SKIN TIGHT by Carl Hiaasen

“Believe me, we’re on the same side.”

“I know, chico, that’s what scares me.”

“So, which of these bastards do you want for yourself—the surgeon or the geek?”

“Don’t rush me, Mick.”

30

Early on the morning of February nineteenth, Reynaldo Flemm, the famous Shock Television journalist, arrived at the Whispering Palms Spa and Surgery Center for the most sensational interview of his sensational career. A sleepy receptionist collected the $15,000 cash and counted it twice; if she was surprised by the size of the surgeon’s fee, she didn’t show it. The receptionist handed Reynaldo Flemm two photocopied consent forms, one for a rhinoplasty and one for a suction-assisted lipectomy. Reynaldo skimmed the paperwork and extravagantly signed as “Johnny LeTigre.”

Then he sat down to wait for his moment. On a buff-colored wall hung a laminated carving of one of Rudy Graveline’s pet sayings: to improve one’s self, improve one’s face. That wasn’t Reynaldo’s favorite Rudyism. His favorite was framed in quilted Norman Rockwell-style letters above the water fountain:

vanity is beautiful. That’s the one Reynaldo had told Willie about. Be sure to get a quick shot on your way in, he had told him. What for? Willie had asked. For the irony, Reynaldo Flemm had exclaimed. For the irony! Reynaldo was proud of himself for thinking up that camera shot; usually Christina Marks was in charge of finding irony.

Soon an indifferent young nurse summoned Reynaldo to a chilly examining room and instructed him to empty his bladder, a tedious endeavor that took fifteen minutes and produced scarcely an ounce. Reynaldo Flemm was a very nervous man. In his professional life he had been beaten by Teamsters, goosed by white supremacists, clubbed by Mafia torpedoes, pistol-whipped by Bandito bikers, and kicked in the groin by the Pro-Life Posse. But he had never undergone surgery. Not even a wart removal.

Flemm stiffly removed his clothes and pulled off his hightop Air Jordans. He changed into a baby-blue paper gown that hung to his knees. The nurse gave him a silly paper cap to cover his silly dyed hair, and paper shoe covers for his bare feet.

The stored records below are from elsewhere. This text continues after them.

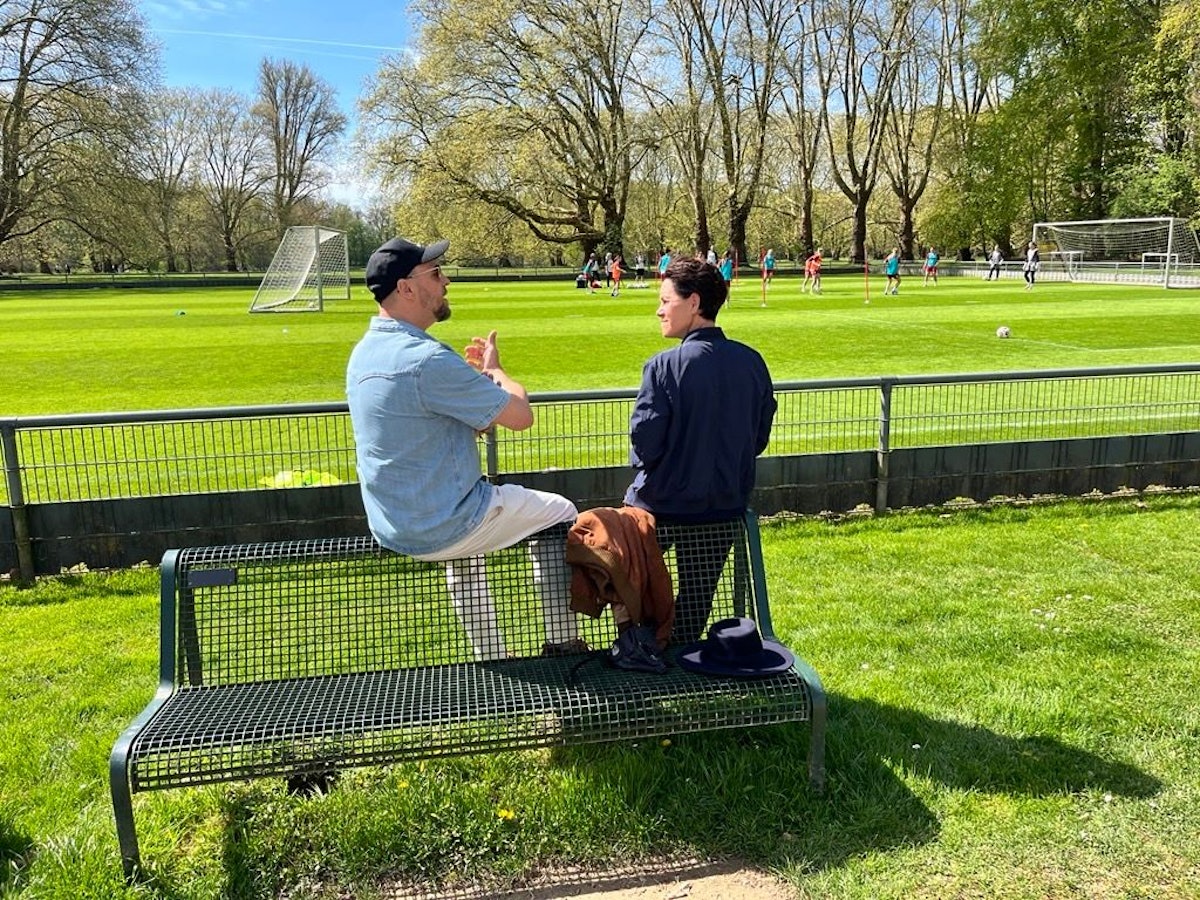 Max Mutzke und Bender-Rummler sind am Geißbockheim im Gespräch.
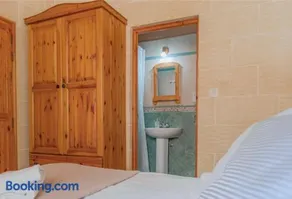 Ta Danjela Villa Sleeps 8 with Pool - Image 2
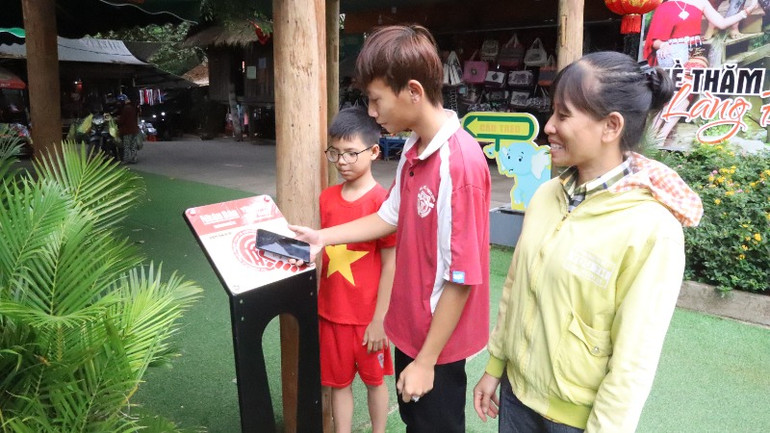 Các bạn trẻ rất thích thú khi trải nghiệm Dự án "Yêu lắm Việt Nam" bằng công nghệ không dây.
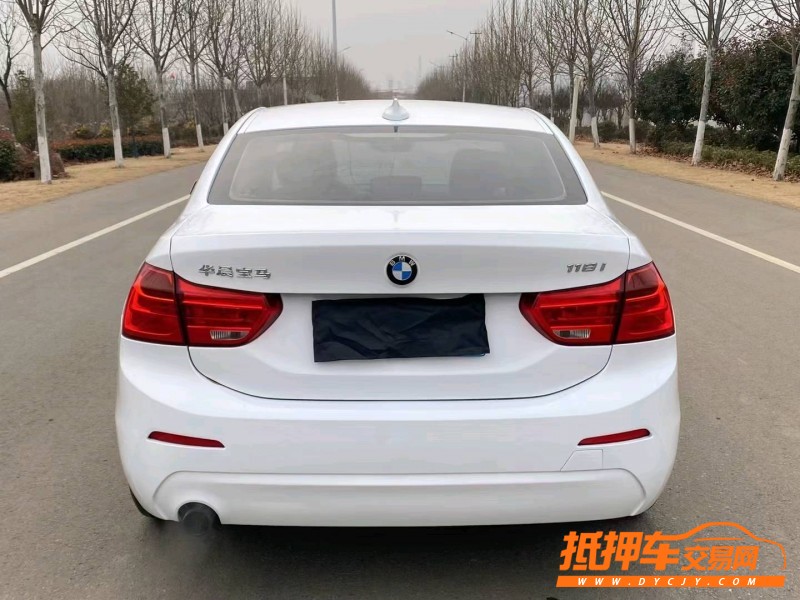 徐州17年宝马1系9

A nurse anesthetist came out of nowhere, brusquely flipped up the tail of Reynaldo’s gown and stuck a needle in his hip. The hypodermic contained a drug called Robinul, which dries up the mouth by inhibiting oral secretions. Next the nurse seized Reynaldo’s left arm, swabbed it, and stuck it cleanly with an I.V. needle that dripped into his veins a lactated solution of five percent dextrose and, later, assorted powerful sedatives.

The anesthetist then led Reynaldo Flemm and his I.V. apparatus into Suite F, one of four ultramodern surgical theaters at Whispering Palms. She asked him to lie on his back and, as he stretched out on the icy steel, Reynaldo frantically tried to remember the ten searing questions he had prepared for the ambush of Dr. Rudy Graveline.

One, did you kill Victoria Barletta on March 12, 1986?

Two, why would one of your former nurses say that you did?

Three, isn’t it true that you’ve repeatedly gotten into trouble for careless and incompetent surgery?

Four, how do you explain …

Explain?

Explain this strap on my fucking legs!

“Please quiet down, Mr. LeTigre.”

And my arms! What’ve you done to my arms? I can’t move my goddamn arms!

“Try to relax. Think pleasant thoughts.”

Wait, wait, wait, wait, wait!

“You ought to be feeling a little drowsy.”

This is wrong. This is not right. I read up on this. I got a fucking pamphlet. You’re supposed to tape my eyes, not my arms. What are you smiling at, you dumb twat? Lemme talk to the doctor! Where’s the doctor? Jesus Christ, that’s cold. What are you doing down there!

“Good morning, Mr. LeTigre.”

Doctor, thank God you’re here! Listen good now: These Nazi nurse bitches are making a terrible mistake. I don’t wanna general, I wanna a local. Just pull the I.V., okay? I’ll be fine, just pull the tubes before I pass out.

“John, we’re having a little trouble understanding you.”

No shit, Sherlock, my tongue’s so dry you could light a match on it. Please yank the needles, I can’t think with these damn needles. And make ‘em quit fooling around with me down there. Christ, it’s cold! What’re they doing!